Je n'en sais rien... Nous ne faisions que passer les voir une demi-journée ou le temps d'un repas de famille. Ce monde-là n'était pas pour nous. Aujourd'hui je me rends compte que je ne sais rien de ce grand-père que j'ai embrassé petite pourtant. Usé par la vie, les rhumatismes, tout courbé, rétréci par les années, il n'avait plus d'espace que pour sa voix: il parlait fort, trop fort, mais toujours en breton pour les sujets personnels avec mon père.
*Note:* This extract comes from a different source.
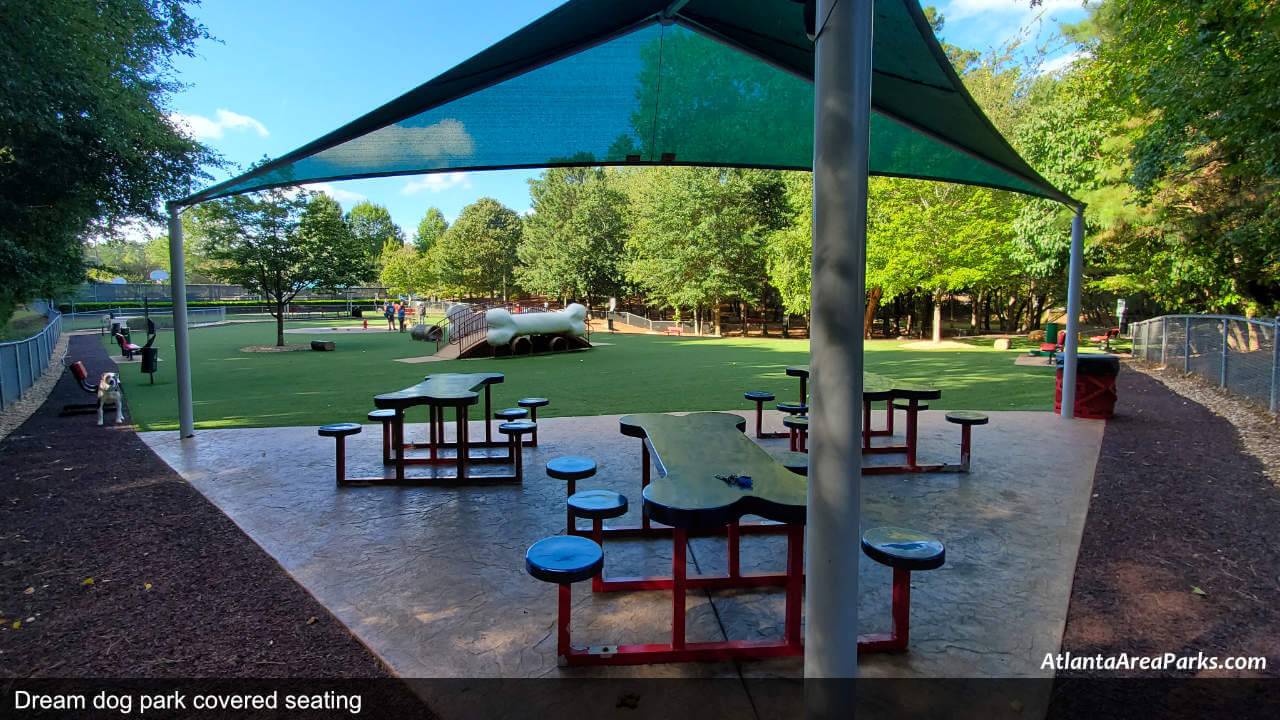 Newtown Park Fulton Johns Creek Dream dog park covered seating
Je n'ai rien entendu, rien retenu de lui.
Est-ce que j'aurai le courage d'interroger mon père sur ces questions qu'il a lui-même enterrées dans sa mémoire?
Comment un homme peut-il vivre sereinement le déni par ses enfants les plus brillants des valeurs que ses ancêtres lui ont patiemment transmises depuis des générations (du 16e au 18e, la majorité de ses homonymes étaient déjà paysans dans sa commune)? comment a-t-il vécu l'agonie de son village, tombé de 1500 à 500 habitants entre sa naissance et son décès? Quel respect ancestral puis-je construire concrètement sur son souvenir aujourd'hui, alors que je n'ai aucun héritage spirituel, intellectuel, seulement les gènes et l'héritage émotionnel de la honte qui a toujours été une évidence, et celui de la colère que je devine avec le recul que j'ai pris aujourd'hui?
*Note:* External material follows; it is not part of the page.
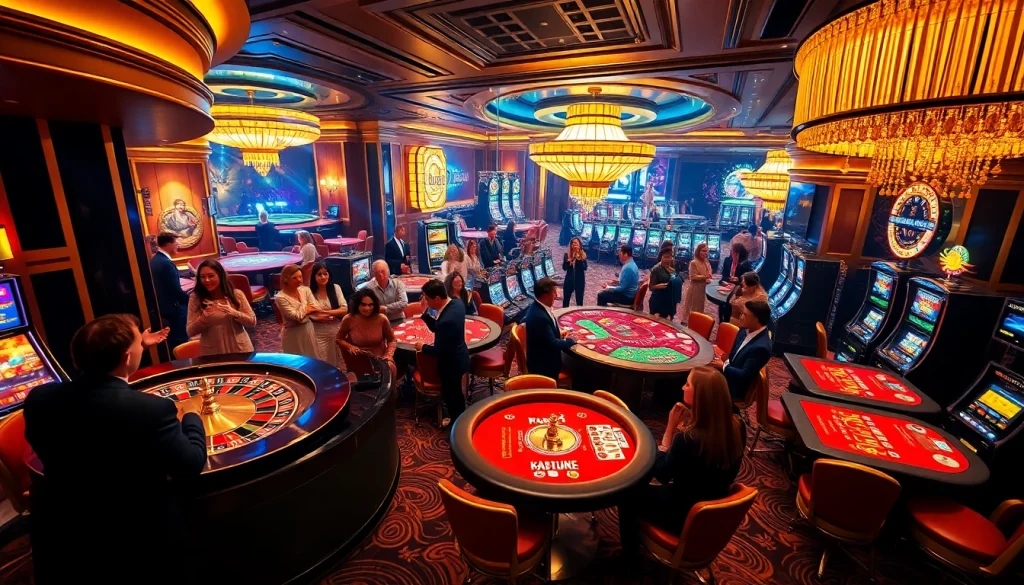 Nohu90 players enjoying the excitement of various casino games in a luxurious setting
Les femmes de ma famille, en particulier maternelle, m'ont transmis bien des valeurs sur lesquelles je construis encore ma vie au quotidien. Les mutations du siècle dernier n'ont pas changé les liens sacrés de la maternité, et elles ont sû les accompagner de bien d'autres messages porteurs de sens. Mon grand-père maternel m'a aussi donné une autre vision de la culture bretonne, dont il appréciait particulièrement le folklore et la musique; c'est chez lui aussi que j'ai lu Pierre-Jakez Helias et de jolies légendes. Mais côté paternel... le vide. En fait, la seule valeur universelle que tous les pans de ma famille m'ont transmise avec une constance admirable était:
"Travaille bien à l'école, et tu réussiras".
Ce que j'ai fait.
Mais il me semble que je pourrais revendiquer un autre héritage... je n'ai plus guère d'autre choix que de l'imaginer. Sans doute le moment de créer un autre papyrus...
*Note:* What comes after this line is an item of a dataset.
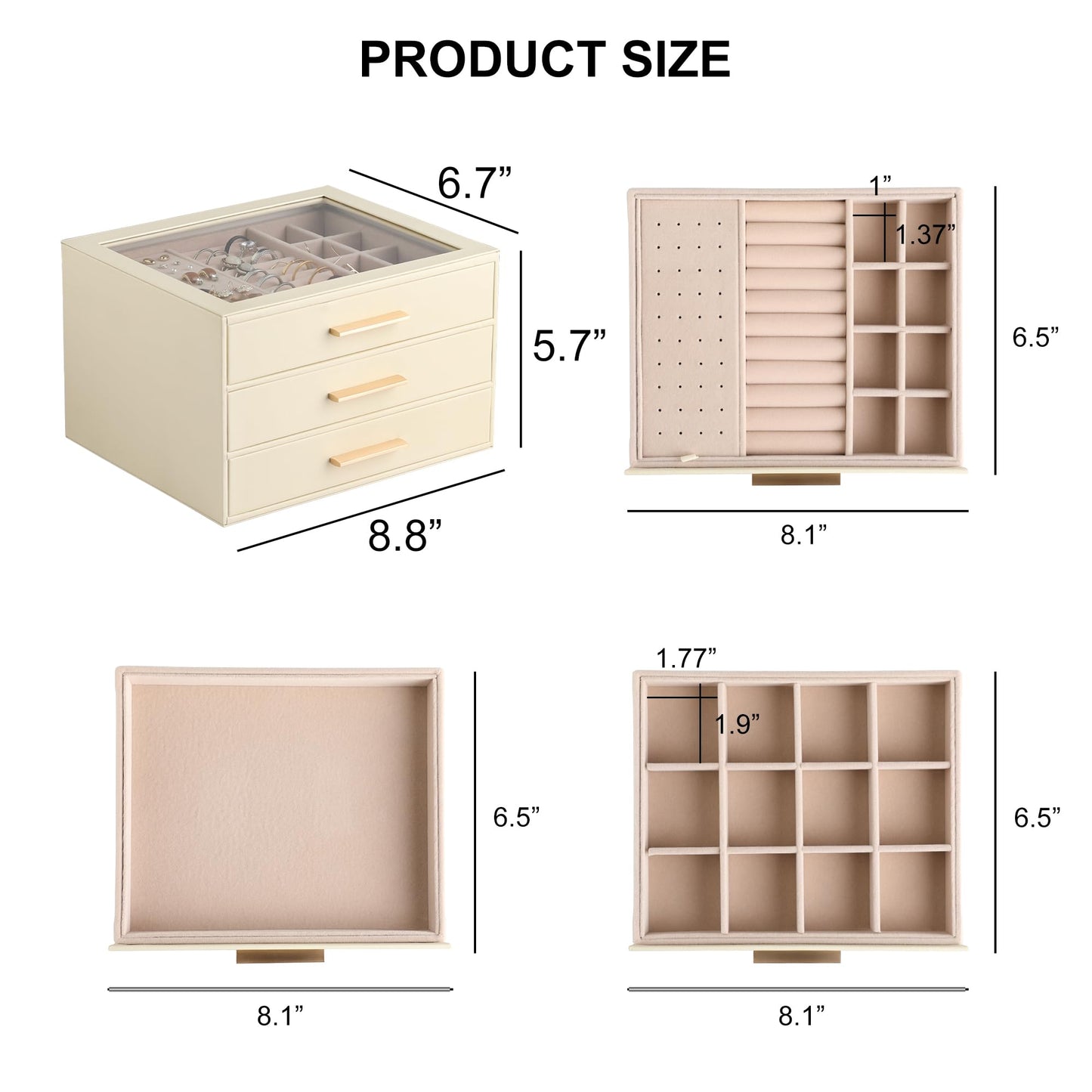 Frebeauty Clear Lid Jewelry Box,3-Layer Jewelry Organizer with Drawer,PU Leather Jewelry Organizers and Storage,Jewelry Boxes for Women,Jewelry Storage for Rings Earring Stud,Gift for Women(Beige)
Peut-être aussi que ce remue-méninges n'est pas par hasard en coincidence avec l'arrivée de son premier arrière-petit-fils fils de paysan. Je me méfie des hasards, maintenant. Ma soeur a choisi cet autre chemin de vie, les pieds dans le bocage... et je me demande quel sera le destin de mon petit neveu au prénom 100% breton, qui va être nourri aux paniers bio par sa maman universitaire, tout en accompagnant son papa sur son tracteur d'agriculteur conventionnel d'ici quelques années! Réconciliation? en tout cas, bienvenue petit bonhomme, je te souhaite beaucoup de fierté de tes différents héritages!